Anastatia W. wordt verdacht van mensenhandel. Zij zou een 17-jarige meisje naar Godo Olo in het binnenland hebben gebracht om als sekswerkster te dienen. Op die bewuste dag in maart 2013 ontmoette het meisje de verdachte Anastatia. Zij benaderde haar met het verhaal dat zij een winkel in het binnenland had en dat zij een verkoopster nodig had. Ook hield de verdachte haar voor dat zij veel geld daar zou verdienen. De 17-jarige ging zonder haar moeder daarvan op de hoogte te stellen met de vrouw mee.
Het slachtoffer verklaarde dat zij twee dagen op Sunny Point met de vrouw was gebleven. De volgende dag was zij met een ID-kaart van iemand anders afgereisd naar de plaats van bestemming. Eenmaal in het dorp Godo Olo aangekomen moest zij aan prostitutie doen. Het meisje weigerde en werd door Anastatia en haar man mishandeld. Zij heeft met drie heren gemeenschap gehad. Als tegenprestatie ontving zij 4 gram goud per klant. Dat goud moest zij aan de verdachte overdragen.
Kantonrechter Maytrie Kuldipsing behandelde deze zaak in afwezigheid van de verdachte. De verdachte Anastatia is reeds eerder in vrijheid gesteld. De tweede getuige was een politieagente. Zij verklaarde dat zij getuigen heeft verhoord. Volgens de verklaring van het slachtoffer was zij in de stad benaderd door Anastatia. Op vragen van advocaat Irvin Kanhai verklaarde de agente dat zij niet weet of het slachtoffer onhandelbaar is en dat zij eerder uit huis is wegelopen. Het slachtoffer had haar vader kunnen contacten. Een vrouw die haar telefoon aan het meisje had geven om te bellen, vertelde de vader dat zijn dochter op Godo Olo is. De vader werd ook gehoord. Aan de rechter vertelde de vader dat hij niet wist waar de plaats was. Hij ging zijn broer vragen. De vrouw gaf de vader te kennen dat indien hij zijn dochter terug wilde hij haar bij Blue Wings SRD 500 moest betalen.
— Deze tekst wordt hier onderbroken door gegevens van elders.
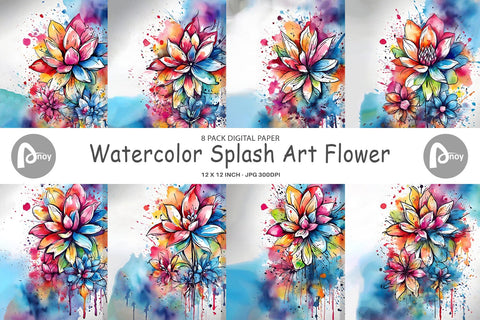 Digital Paper Watercolor Splash Flower Digital Pattern artnoy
Kanhai vroeg de politieagente of er geweld was aangewend van Sunny Point tot Zorg en Hoop. De getuige verbalisant reageerde dat er geen sprake was van geweld. Het geweld zou in het binnenland zijn aangewend. Kanhai merkte op dat er steeds getuigen zijn gehoord aan wie het slachtoffer een en ander heeft verteld over het geval. De partner van Anastatia heeft zich onvindbaar gemaakt, omdat hij ook als verdachte wordt aangemerkt. Hij heeft volgens verklaring van het meisje deel gehad bij het plegen van het strafbaar feit. Ook hij zou hij volgens de verklaring van het slachtoffer haar hebben mishandeld. Op de volgende zitting worden er nog drie getuigen gehoord. De behandeling van deze zaak is verdaagd naar 29 juli.